A deeper understanding of a distribution support, being able to determine regions of a certain (possibly high) probability content is an important task in several research fields. Package *HDiR* for R is designed for exact computation of directional (circular and spherical) highest density regions and density level sets when the density is fully known. Otherwise, *HDiR* implements nonparametric plug-in methods based on different kernel density estimates for reconstructing this kind of sets. Additionally, it also allows the computation and plug-in estimation of level sets for general functions (not necessarily a density). Some exploratory tools, such as suitably adapted distances and scatterplots, are also implemented. Two original datasets and spherical density models are used for illustrating *HDiR* functionalities.

When analyzing a data distribution, it is often the case that for a deeper understanding of the modelling problem, it is interesting to determine regions on the density support exceeding a certain threshold on the density function values.
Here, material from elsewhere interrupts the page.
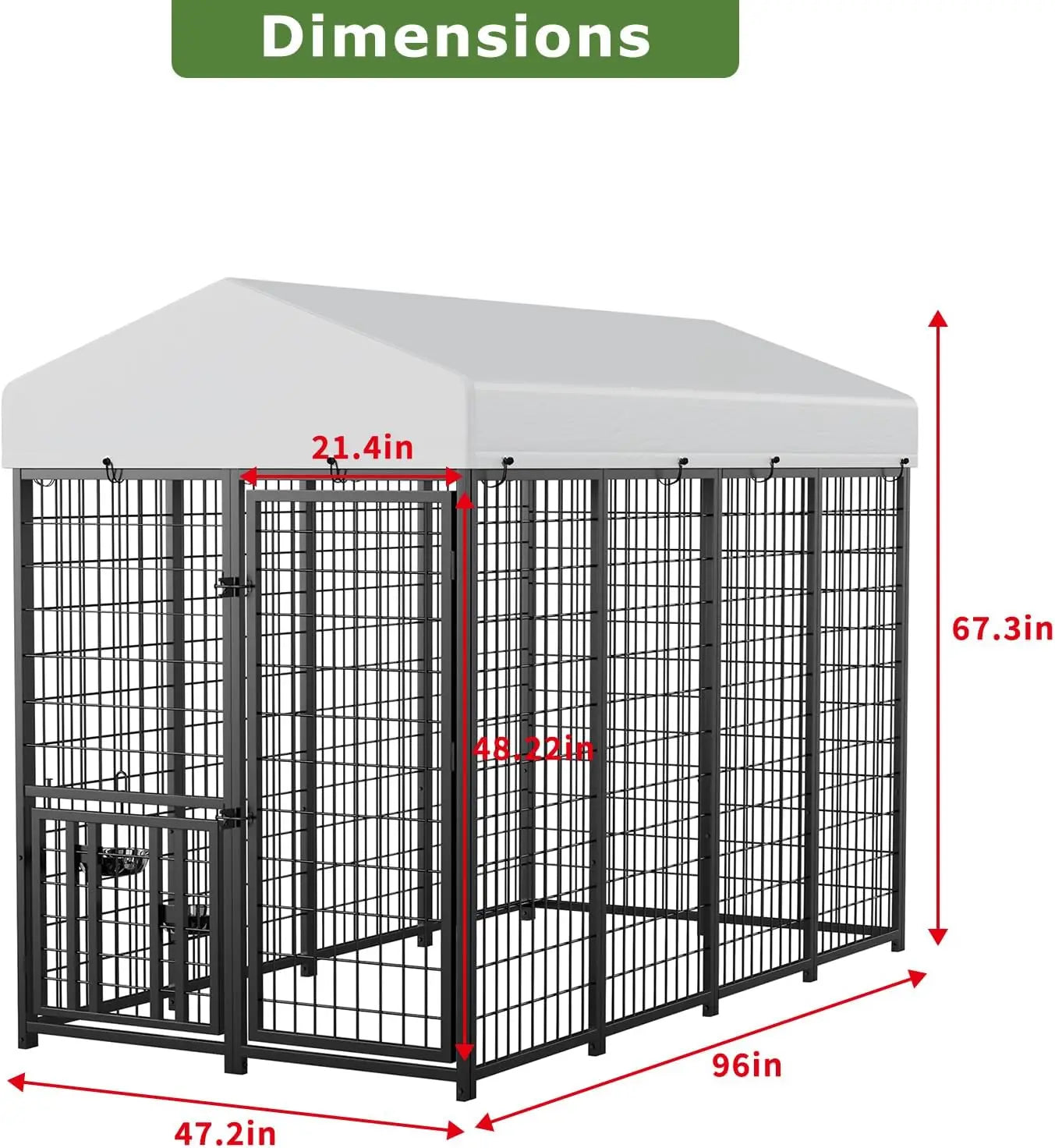 Heavy Duty Outdoor Dog Kennel with Rotating Bowls, 8x4x5.6ft, Durable Steel Frame and Waterproof Cover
These regions are known as density level sets and, if the density is unknown, such a task can be accomplished from a set estimation perspective. Set estimation deals with the problem of reconstructing a set (or estimating any of its features such as its boundary or its volume) from a random sample of points intimately related to it. Since (Hartigan 1975) establishes the notion of clusters as connected components of a density level set, the reconstruction of this particular type of sets has been widely considered in the literature (mainly for densities supported on an Euclidean space). There are only very few contributions where density level set theory has been extended to more general domains such as the unit sphere or manifolds. (Cuevas et al. 2006) consider the estimation of level sets for general functions (not necessarily a density) such as regression curves, providing some consistency theoretical results and showing a density level set on the sphere for illustration. More recently, the reconstruction of density level sets on manifolds is studied in (Cholaquidis et al. 2022), who also presents some simulations illustrating the performance of their approach on the torus and on the sphere.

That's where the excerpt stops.